== Activity ==
Only the pictures are to be dropped; the rest of the data below is to be duplicated exactly.

******

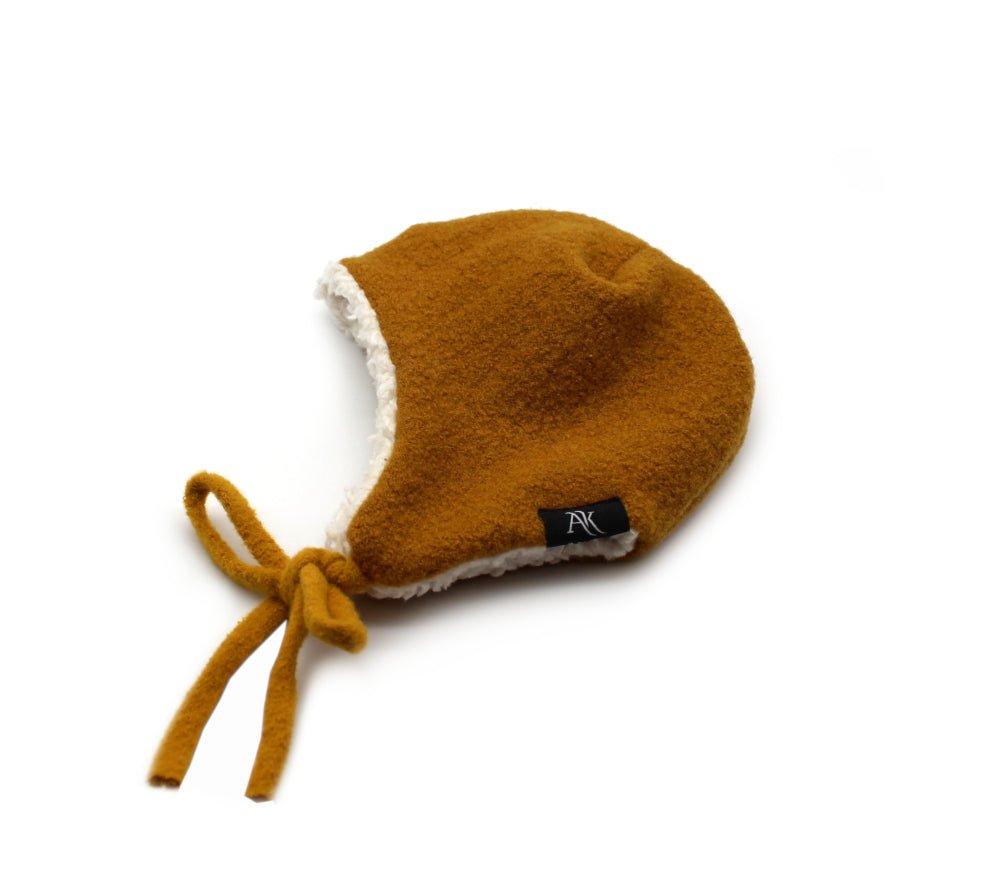 100 % Italian Wool hat - Yellow - AnnaKarinna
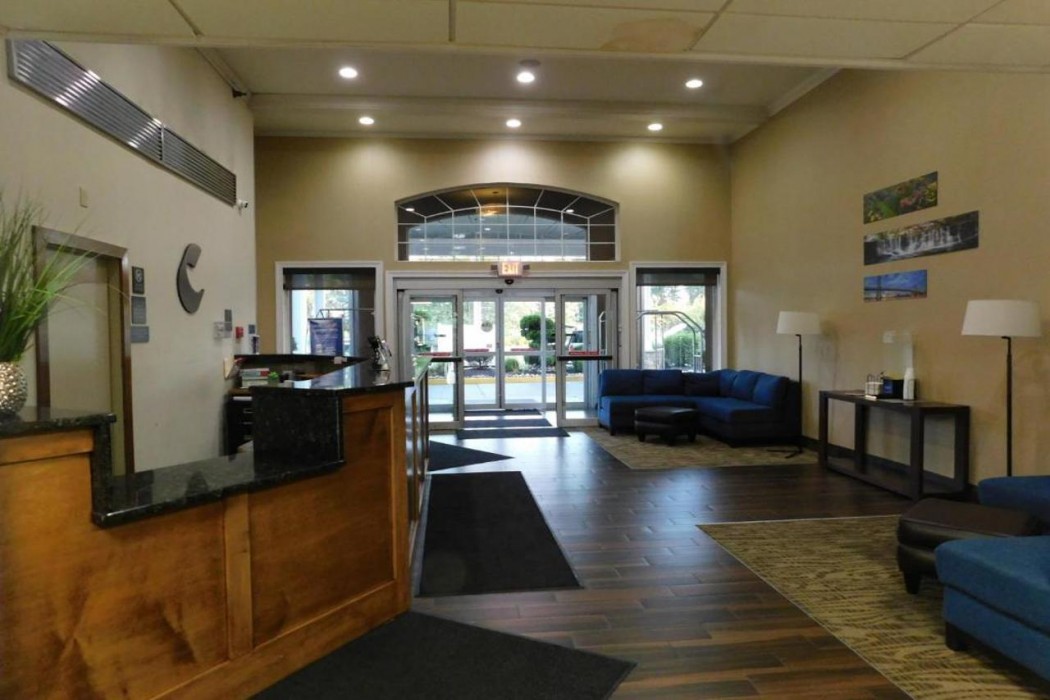 Comfort Inn & Suites Glen Mills - West Chester 7/25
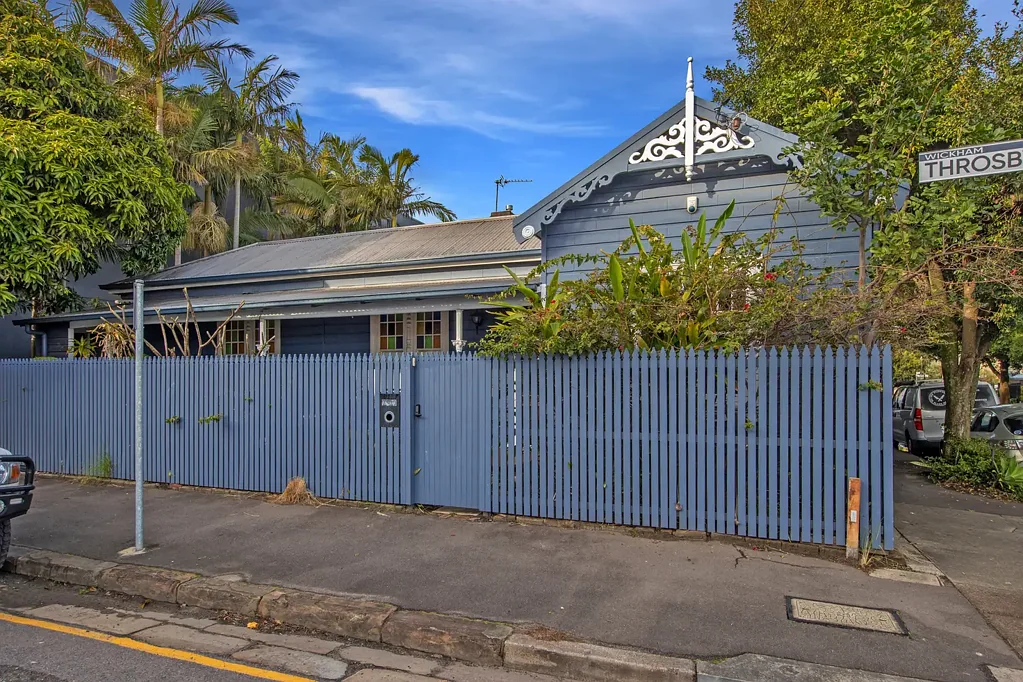 Wickham 4ਬੈੱਡਰੂਮ AN INNER CITY CLASSIC SANCTUARY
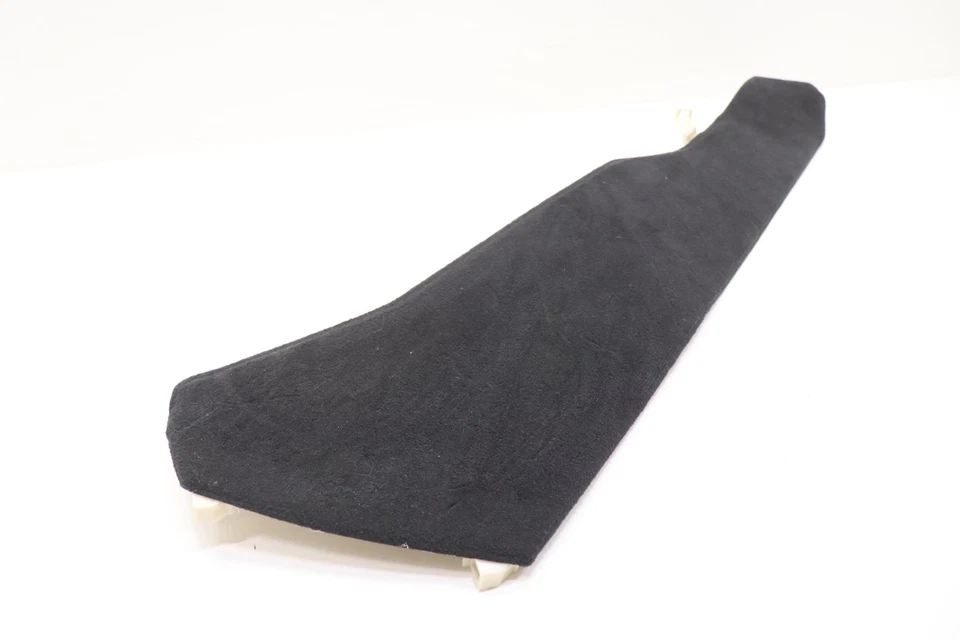 2020 - 2025 LAND ROVER DISCOVERY SPORT RIGHT SIDE LOWER PANEL TRIM COVER OEM - Image 4 of 4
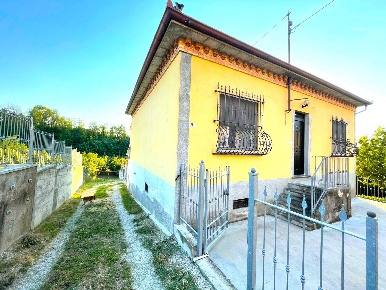 Foto Villa unifamiliare in Via Asti-Nizza, Costigliole d'Asti di 124 m²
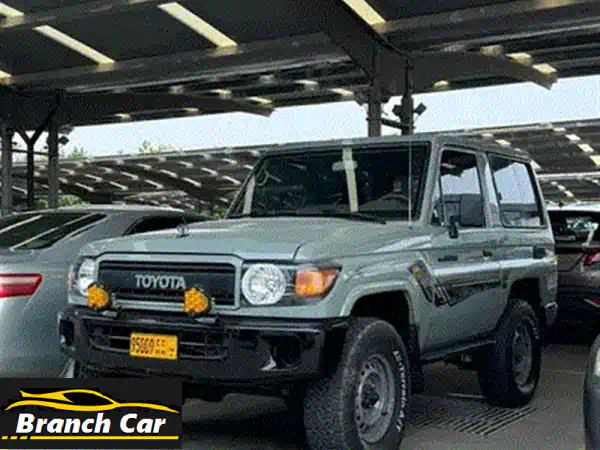 لاندكروزر 2015 GX V6 للبيع | تويوتا الأسطورية (أبيض) | اعتمادية لا تضاهى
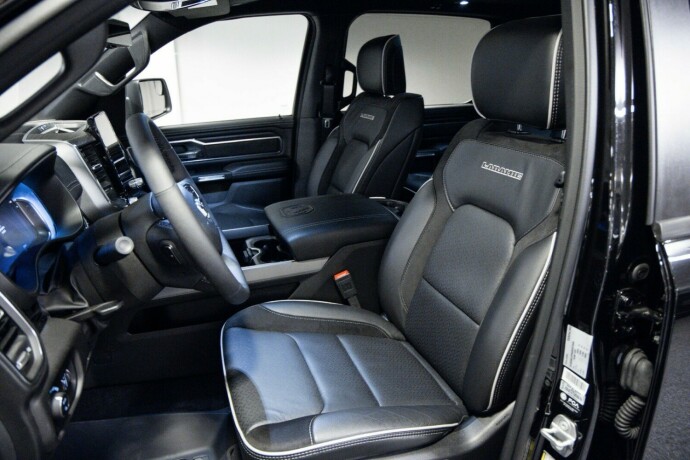 ram-1500-bensin-2026-big-4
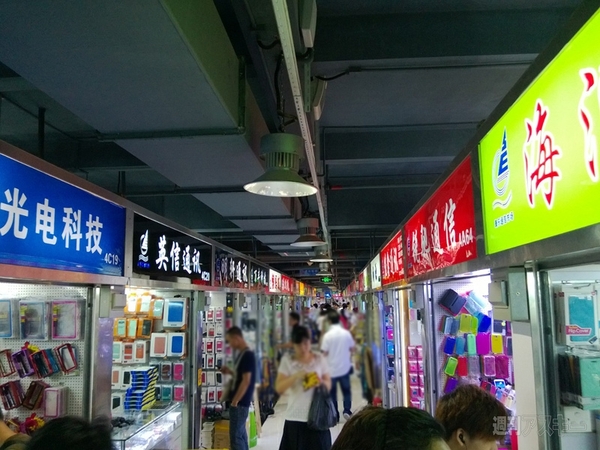 夕闇の深センでドロイドくんグッズを30分で探す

******

== Finished task ==
 100 % Italian Wool hat - Yellow - AnnaKarinna
 Comfort Inn & Suites Glen Mills - West Chester 7/25
 Wickham 4ਬੈੱਡਰੂਮ AN INNER CITY CLASSIC SANCTUARY
 2020 - 2025 LAND ROVER DISCOVERY SPORT RIGHT SIDE LOWER PANEL TRIM COVER OEM - Image 4 of 4
 Foto Villa unifamiliare in Via Asti-Nizza, Costigliole d'Asti di 124 m²
 لاندكروزر 2015 GX V6 للبيع | تويوتا الأسطورية (أبيض) | اعتمادية لا تضاهى
 ram-1500-bensin-2026-big-4
 夕闇の深センでドロイドくんグッズを30分で探す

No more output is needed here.